A timely new report by Guy Berger and Liz Orembo, shines a light on a critical but often overlooked factor in African elections: the role of data. Drawing on stakeholder interviews and case studies from Kenya, South Africa, Ghana, and Zimbabwe, the research reveals that while data availability and integrity are fundamental to credible elections, awareness and engagement with data issues among electoral stakeholders remain alarmingly low.
The report finds that despite growing recognition of the importance of data for elections, there is still a limited understanding among key stakeholders of how crucial data access, availability, and governance are for democratic integrity. Electoral management bodies (EMBs), political parties, civil society, the media, and platforms alike often operate in silos, with little coordination or shared understanding of data responsibilities. EMBs, in particular, face challenges balancing transparency with privacy concerns, and many lack the internal capacity or clear policies to manage election-related data effectively. Meanwhile, civil society organisations, researchers, and journalists struggle to access critical data, often due to high costs or restrictive practices, and social media platforms have not meaningfully opened up election-related data for independent monitoring.

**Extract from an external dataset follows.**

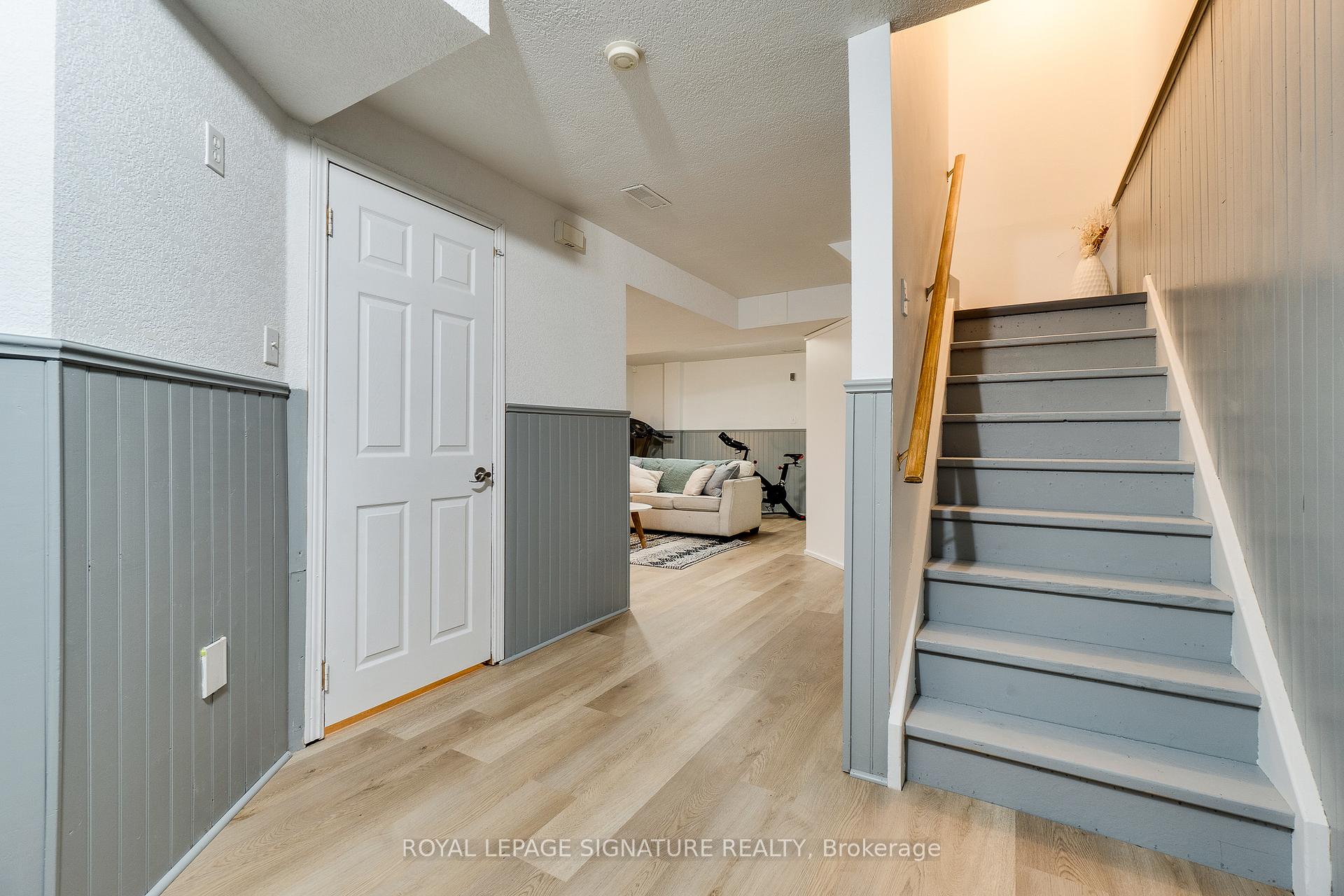 Photo 26 of 901 Copper Leaf Crescent, Kitchener — HOMEH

Political influence further complicates the landscape, with data sometimes weaponised to favour incumbents or suppress dissent, particularly in environments where trust in public institutions is low. The report also highlights serious capacity gaps across stakeholder groups when it comes to managing, analysing, and sharing data, and points to the lack of comprehensive mechanisms to ensure accountability for how data is handled during election periods. Despite these challenges, initiatives like the African Commission on Human and Peoples’ Rights’ recent resolution on data access present new opportunities for reform—if stakeholders commit to collaboration, capacity-building, and policy innovation.